Lines to return, exactly: from the line with "ブルー系のその他パンツ、ホワ" to the line with "2025 Chevrolet Trax RS with 2RS FWD" in the entries below, both included.

[Brief descriptive captions]
== Segment start ==
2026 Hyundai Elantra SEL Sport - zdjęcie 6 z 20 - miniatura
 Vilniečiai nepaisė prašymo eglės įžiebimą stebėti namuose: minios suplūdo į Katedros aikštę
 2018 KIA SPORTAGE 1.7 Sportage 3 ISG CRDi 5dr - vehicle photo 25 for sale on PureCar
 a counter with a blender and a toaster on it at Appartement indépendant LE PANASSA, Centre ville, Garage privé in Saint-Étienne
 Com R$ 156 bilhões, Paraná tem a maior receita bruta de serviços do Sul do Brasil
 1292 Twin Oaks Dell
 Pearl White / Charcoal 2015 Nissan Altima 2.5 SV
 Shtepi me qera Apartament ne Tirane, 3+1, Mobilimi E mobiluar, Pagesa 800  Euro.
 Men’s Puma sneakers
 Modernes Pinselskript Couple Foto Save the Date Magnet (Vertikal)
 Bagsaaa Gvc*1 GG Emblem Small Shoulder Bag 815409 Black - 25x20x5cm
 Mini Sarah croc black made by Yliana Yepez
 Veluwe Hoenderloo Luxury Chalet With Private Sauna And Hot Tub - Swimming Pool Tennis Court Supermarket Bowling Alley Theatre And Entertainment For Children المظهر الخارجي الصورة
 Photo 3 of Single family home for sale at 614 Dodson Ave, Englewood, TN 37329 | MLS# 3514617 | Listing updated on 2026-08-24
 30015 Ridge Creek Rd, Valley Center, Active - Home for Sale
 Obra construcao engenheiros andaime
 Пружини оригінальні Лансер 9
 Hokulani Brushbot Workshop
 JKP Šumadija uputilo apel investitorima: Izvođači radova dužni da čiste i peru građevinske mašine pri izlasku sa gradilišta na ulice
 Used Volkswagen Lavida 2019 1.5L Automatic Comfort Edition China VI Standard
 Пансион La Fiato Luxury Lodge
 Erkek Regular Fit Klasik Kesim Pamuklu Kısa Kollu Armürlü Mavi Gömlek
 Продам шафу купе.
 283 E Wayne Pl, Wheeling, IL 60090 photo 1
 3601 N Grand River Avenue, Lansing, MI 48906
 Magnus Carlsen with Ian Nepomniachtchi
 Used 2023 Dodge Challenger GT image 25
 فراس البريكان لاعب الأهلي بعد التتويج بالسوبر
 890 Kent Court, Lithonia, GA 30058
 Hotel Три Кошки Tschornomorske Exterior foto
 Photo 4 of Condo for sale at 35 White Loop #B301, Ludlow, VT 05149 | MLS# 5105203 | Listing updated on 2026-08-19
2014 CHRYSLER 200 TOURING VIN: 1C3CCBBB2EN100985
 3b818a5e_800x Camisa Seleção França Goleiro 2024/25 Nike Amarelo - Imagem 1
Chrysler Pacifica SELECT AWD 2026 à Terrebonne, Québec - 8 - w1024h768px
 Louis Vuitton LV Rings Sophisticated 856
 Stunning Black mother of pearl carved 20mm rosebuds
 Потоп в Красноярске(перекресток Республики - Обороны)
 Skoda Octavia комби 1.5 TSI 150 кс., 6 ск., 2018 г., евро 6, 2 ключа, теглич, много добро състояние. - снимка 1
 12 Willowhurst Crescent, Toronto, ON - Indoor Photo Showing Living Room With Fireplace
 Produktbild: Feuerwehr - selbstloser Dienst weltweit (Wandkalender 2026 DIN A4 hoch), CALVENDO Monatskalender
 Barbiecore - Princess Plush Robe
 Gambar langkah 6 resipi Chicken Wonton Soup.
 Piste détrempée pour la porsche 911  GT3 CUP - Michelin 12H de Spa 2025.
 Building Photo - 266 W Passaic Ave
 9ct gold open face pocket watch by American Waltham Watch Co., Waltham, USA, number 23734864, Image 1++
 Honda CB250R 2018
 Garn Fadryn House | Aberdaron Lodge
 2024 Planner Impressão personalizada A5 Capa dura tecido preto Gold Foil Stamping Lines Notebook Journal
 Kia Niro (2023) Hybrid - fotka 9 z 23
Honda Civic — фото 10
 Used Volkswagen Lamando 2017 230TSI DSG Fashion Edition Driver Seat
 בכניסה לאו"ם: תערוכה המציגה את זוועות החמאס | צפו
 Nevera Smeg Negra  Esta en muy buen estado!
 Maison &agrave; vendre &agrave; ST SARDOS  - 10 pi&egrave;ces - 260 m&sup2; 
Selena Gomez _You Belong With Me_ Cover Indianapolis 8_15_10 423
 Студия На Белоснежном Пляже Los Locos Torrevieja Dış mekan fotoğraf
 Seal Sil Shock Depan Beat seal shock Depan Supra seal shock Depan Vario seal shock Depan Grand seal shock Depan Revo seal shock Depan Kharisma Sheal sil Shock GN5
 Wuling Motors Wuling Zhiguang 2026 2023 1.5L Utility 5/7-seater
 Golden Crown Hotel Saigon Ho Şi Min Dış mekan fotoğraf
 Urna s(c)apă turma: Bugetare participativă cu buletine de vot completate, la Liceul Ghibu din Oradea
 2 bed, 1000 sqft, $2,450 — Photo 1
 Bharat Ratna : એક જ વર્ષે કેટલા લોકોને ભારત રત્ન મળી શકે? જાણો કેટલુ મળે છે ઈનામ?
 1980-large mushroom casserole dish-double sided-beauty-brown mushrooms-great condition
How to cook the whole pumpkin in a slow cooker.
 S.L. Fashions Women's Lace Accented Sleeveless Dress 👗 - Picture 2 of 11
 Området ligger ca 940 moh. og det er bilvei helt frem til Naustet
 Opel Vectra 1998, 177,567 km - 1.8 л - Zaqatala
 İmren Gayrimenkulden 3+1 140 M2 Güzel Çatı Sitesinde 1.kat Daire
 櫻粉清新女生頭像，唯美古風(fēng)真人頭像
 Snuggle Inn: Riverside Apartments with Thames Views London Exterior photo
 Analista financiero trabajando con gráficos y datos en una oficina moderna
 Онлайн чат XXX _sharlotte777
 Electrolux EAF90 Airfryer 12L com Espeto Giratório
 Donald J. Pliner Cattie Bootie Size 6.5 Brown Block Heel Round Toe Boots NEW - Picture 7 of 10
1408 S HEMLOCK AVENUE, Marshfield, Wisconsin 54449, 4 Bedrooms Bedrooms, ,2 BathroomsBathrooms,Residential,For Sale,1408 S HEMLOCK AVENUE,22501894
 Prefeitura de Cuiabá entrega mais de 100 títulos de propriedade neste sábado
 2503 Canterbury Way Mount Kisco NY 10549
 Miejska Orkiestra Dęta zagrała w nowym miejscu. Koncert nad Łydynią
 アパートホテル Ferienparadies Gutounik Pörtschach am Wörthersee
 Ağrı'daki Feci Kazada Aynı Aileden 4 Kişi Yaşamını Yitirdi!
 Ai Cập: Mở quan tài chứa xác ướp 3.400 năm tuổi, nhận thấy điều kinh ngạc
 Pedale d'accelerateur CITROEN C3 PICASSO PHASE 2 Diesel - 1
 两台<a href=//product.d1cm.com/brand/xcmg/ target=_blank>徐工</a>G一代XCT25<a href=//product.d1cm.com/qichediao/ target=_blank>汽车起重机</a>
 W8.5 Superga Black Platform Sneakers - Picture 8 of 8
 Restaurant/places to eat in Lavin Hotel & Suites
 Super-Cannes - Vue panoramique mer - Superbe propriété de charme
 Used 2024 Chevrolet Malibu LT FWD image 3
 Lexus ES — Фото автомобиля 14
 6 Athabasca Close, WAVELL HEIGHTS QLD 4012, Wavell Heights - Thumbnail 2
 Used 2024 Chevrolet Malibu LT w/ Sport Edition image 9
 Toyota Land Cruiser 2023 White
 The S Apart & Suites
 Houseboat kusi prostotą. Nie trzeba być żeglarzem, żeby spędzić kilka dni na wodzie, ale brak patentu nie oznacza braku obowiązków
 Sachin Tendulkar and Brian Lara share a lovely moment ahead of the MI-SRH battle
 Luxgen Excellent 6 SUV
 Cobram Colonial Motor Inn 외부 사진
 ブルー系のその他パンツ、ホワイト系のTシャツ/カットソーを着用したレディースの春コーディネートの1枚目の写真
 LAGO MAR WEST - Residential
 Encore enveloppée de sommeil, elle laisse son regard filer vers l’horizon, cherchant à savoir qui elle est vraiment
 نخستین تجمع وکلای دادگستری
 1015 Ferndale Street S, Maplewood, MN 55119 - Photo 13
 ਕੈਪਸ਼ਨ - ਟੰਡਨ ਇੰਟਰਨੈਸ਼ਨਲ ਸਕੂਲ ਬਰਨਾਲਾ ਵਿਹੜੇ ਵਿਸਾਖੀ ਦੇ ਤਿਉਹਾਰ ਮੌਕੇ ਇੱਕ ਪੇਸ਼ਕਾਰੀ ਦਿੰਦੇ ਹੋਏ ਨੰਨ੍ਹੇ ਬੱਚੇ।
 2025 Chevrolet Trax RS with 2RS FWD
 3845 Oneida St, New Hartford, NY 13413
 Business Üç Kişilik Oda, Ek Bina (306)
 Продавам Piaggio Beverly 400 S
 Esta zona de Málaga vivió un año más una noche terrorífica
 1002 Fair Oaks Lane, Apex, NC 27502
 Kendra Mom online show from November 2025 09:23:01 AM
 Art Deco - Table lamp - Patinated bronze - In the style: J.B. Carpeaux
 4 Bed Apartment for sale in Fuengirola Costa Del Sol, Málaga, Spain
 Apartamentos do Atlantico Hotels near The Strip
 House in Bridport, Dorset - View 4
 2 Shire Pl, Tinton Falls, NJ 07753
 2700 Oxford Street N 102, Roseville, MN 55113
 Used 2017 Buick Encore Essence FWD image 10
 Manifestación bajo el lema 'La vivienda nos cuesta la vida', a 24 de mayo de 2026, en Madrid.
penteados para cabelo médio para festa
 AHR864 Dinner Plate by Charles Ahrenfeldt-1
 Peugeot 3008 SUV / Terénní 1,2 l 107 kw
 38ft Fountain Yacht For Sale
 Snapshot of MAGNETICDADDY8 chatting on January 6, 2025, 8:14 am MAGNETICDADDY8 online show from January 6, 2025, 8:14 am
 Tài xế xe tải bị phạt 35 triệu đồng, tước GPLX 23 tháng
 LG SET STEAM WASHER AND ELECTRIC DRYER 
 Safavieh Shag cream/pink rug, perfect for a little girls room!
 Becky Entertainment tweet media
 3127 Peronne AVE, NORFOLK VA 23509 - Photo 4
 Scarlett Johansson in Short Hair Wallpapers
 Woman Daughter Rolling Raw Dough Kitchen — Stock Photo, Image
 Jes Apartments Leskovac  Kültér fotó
== Segment end ==
## WRITTEN REPLY:
 ブルー系のその他パンツ、ホワイト系のTシャツ/カットソーを着用したレディースの春コーディネートの1枚目の写真
 LAGO MAR WEST - Residential
 Encore enveloppée de sommeil, elle laisse son regard filer vers l’horizon, cherchant à savoir qui elle est vraiment
 نخستین تجمع وکلای دادگستری
 1015 Ferndale Street S, Maplewood, MN 55119 - Photo 13
 ਕੈਪਸ਼ਨ - ਟੰਡਨ ਇੰਟਰਨੈਸ਼ਨਲ ਸਕੂਲ ਬਰਨਾਲਾ ਵਿਹੜੇ ਵਿਸਾਖੀ ਦੇ ਤਿਉਹਾਰ ਮੌਕੇ ਇੱਕ ਪੇਸ਼ਕਾਰੀ ਦਿੰਦੇ ਹੋਏ ਨੰਨ੍ਹੇ ਬੱਚੇ।
 2025 Chevrolet Trax RS with 2RS FWD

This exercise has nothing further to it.